The private SENS-GmbH/sens-platform-infra repository contains:
- cluster bootstrap resources,
- Argo CD Applications and Projects,
- Argo CD local-user RBAC,
- environment-specific Helm values,
- release metadata for immutable deployments.
No secret values may be committed to either repository.
Namespaces
Section titled “Namespaces”| Namespace | Purpose |
|---|---|
argocd | Argo CD control plane |
cert-manager | Certificate management |
sens-test | SENS Platform test release |
sens-production | SENS Platform production |
Test and production use separate Kubernetes Secrets, PVCs, TLS Secrets, Argo CD Applications, and Helm release names.
Release Selection
Section titled “Release Selection”Deployments use immutable product revisions and immutable SemVer image tags.

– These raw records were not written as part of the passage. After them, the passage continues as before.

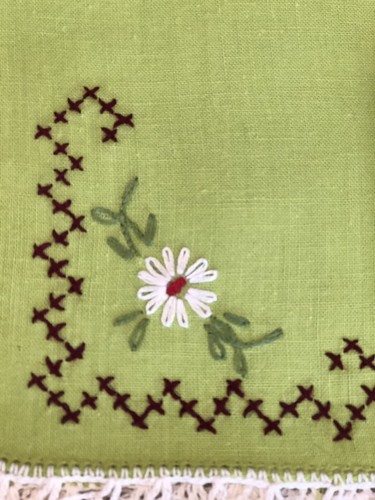 Embroidered White Daisy On Spring Green Linen 4- Napkins -1.5” Crochet Edges VTG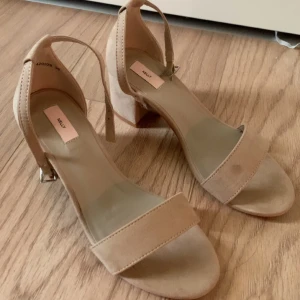 Beige klackskor - Klackskor från nelly, har aldrig använt dom, storlek 39. 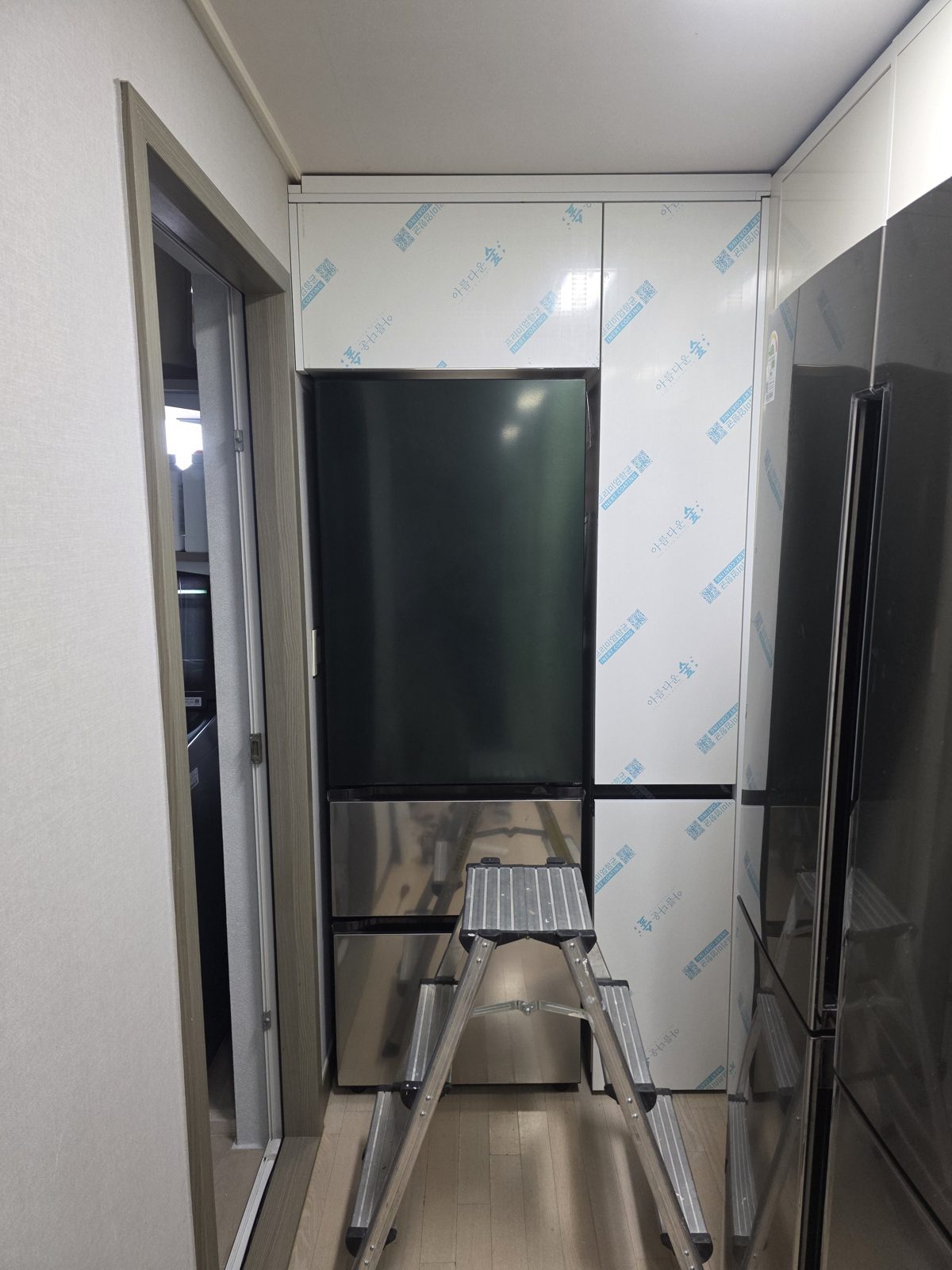 상부 수납장 제작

Runtime deployments must not use latest, branch names, git-<short-sha>,
full-SHA tags, or mutable channel tags such as test.
Deployable images are published by the publish-images GitHub Actions
workflow. After ci succeeds on main, it automatically publishes all
deployable images with a generated alpha SemVer tag and updates test GitOps
desired state.
The automatic test tag is derived from the root package.json version:
<package.json version>-alpha.<publish workflow run number>.<run attempt>For example, package version 0.5.0 can produce
0.5.0-alpha.123.1. The package version must be a stable SemVer version because
the workflow appends the alpha pre-release suffix for test builds.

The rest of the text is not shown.